● **SUPPLIED INFORMATION**:

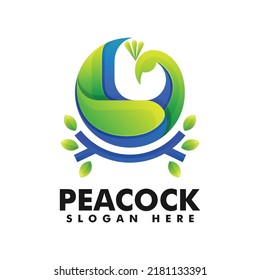 Vector Logo Illustration Peacock Gradient Colorful Style.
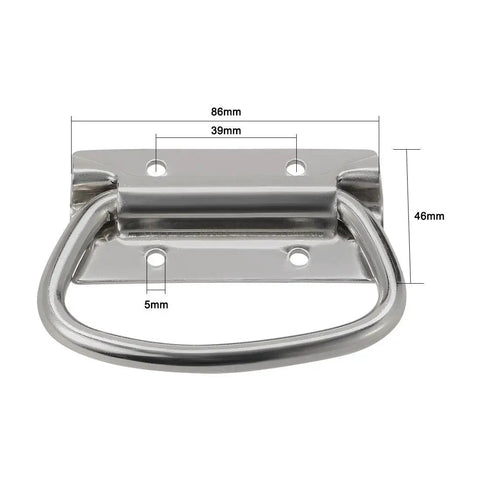 86x46mm 201 Stainless Steel Ring Pull Handle For Toolbox Chest Cabinets Drawers Closets And Other Furniture With 5mm Mounting Holes And Spray Paint Finish Durable Rust Resistant Hardware For Home Office Workshop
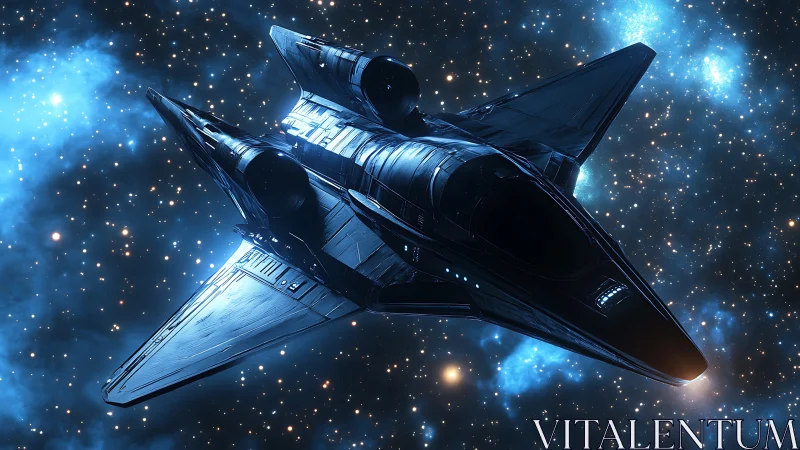 Sleek starship glides through a glowing, starlit galaxy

● **EXERCISE**:
Word for word and without any pictures, return all of the lines above.

● **TASK OUTPUT**:
 Vector Logo Illustration Peacock Gradient Colorful Style.
 86x46mm 201 Stainless Steel Ring Pull Handle For Toolbox Chest Cabinets Drawers Closets And Other Furniture With 5mm Mounting Holes And Spray Paint Finish Durable Rust Resistant Hardware For Home Office Workshop
 Sleek starship glides through a glowing, starlit galaxy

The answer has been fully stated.